Of the various and sundry fetishes that late night anime trades in - ever more important since the discovery that people will line up to buy uncensored blurays after being teased with a heavily-edited TV broadcast - tragedy porn isn't one that shows up very often, but that's basically what Cross Ange is so far, with a healthy dose of salacious cruelty to let you know the show is For Adults and You're An Edgy Person For Watching. Once Angelise's baptism ritual begins this show charges headfirst into utter depravity, and while I'm sure there's an audience out there for that, I'm not part of it and the act of sitting through this made me want to wash the stink of it off. The show revels in the lead character being dehumanized, abused and eventually raped, left in a broken wad on the floor. The next episode preview promises what appears to be yet more sexual assault and fanservice situations involving Angelise's induction into boot camp for an underclass treated like subhuman trash.
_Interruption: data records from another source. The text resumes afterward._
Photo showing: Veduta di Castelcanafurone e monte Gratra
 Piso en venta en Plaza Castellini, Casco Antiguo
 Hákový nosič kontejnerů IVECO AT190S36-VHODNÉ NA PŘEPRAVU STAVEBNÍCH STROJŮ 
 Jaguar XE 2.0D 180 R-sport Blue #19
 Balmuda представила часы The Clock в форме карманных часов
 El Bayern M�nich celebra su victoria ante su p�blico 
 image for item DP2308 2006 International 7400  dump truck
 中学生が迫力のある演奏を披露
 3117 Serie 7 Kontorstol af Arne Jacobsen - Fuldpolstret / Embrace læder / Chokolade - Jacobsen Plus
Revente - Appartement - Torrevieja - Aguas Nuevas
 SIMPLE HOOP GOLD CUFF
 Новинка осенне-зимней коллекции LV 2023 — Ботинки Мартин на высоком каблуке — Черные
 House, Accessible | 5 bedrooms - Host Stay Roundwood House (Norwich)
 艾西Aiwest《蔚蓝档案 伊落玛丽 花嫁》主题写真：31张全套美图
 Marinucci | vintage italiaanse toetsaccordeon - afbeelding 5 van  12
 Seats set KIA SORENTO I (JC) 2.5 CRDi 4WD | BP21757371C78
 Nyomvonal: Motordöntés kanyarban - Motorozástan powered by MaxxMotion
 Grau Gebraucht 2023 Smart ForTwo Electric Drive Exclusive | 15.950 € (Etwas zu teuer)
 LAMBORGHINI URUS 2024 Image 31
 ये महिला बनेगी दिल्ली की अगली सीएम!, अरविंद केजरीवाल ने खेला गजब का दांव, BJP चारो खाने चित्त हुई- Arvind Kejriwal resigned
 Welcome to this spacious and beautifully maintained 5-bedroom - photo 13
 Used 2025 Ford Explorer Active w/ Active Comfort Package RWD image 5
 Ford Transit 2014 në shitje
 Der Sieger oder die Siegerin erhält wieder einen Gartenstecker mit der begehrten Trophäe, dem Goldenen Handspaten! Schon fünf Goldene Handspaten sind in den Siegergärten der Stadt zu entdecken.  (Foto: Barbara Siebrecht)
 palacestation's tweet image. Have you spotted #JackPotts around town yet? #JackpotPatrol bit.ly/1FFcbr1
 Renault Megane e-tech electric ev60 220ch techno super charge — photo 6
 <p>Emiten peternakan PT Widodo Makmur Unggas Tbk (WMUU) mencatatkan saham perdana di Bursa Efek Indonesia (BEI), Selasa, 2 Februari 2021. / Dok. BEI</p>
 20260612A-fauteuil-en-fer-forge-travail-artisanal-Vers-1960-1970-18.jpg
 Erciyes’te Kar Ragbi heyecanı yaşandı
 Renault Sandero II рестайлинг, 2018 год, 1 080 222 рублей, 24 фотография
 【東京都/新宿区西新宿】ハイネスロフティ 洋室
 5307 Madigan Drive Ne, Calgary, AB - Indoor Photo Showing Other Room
But hey, going on and on about how gross and unnecessary this show is feels like a complete waste of time. All I have to do is describe it. I've taken a lot of heat - and rightfully so - over the years for making the mistake of criticizing the audience for a show I don't personally connect with. And the folks who held my feet to the fire for going there were correct to do so - it's never a good idea nor is it necessary to say 'the people who like this sort of thing are wrong or gross or whatever'. The solution is to give your opinion, which is yours and yours alone, and mention that even if you didn't enjoy it, folks who are looking for [blank] might find it in whatever you're reviewing. For something like this, though, it is impossible for me to type "hey, this might be for you if..." because the rest of that sentence is "if you're really in to cruelty and depravity and are A-OK with a rape scene unambiguously played for fanservice titillation" and that sounds like something a writer who is so detached from the entertainment they consume that they're just going through the motions as a critic. There is no "recommendation to the intended audience" that I can give that doesn't sound like I'm completely downplaying and dismissing the kind of content that's in here. And I'm not at the point, even after 15 years of working with this material, where I'm so numb to everything that something like Cross Ange doesn't make me wince. It is tasteless and depraved to a bizarre extreme that doesn't feel necessary at all; nobody was begging Sunrise to go as dark as they possibly could while still managing to produce something for late night broadcast. So the usual "this might be for you if..." goes out the window. Can't do it. Sorry.

So instead I suppose I'll leave it at the description. All of that stuff happens in this show. Now you know. Moving on.

Cross Ange is available streaming at Crunchyroll.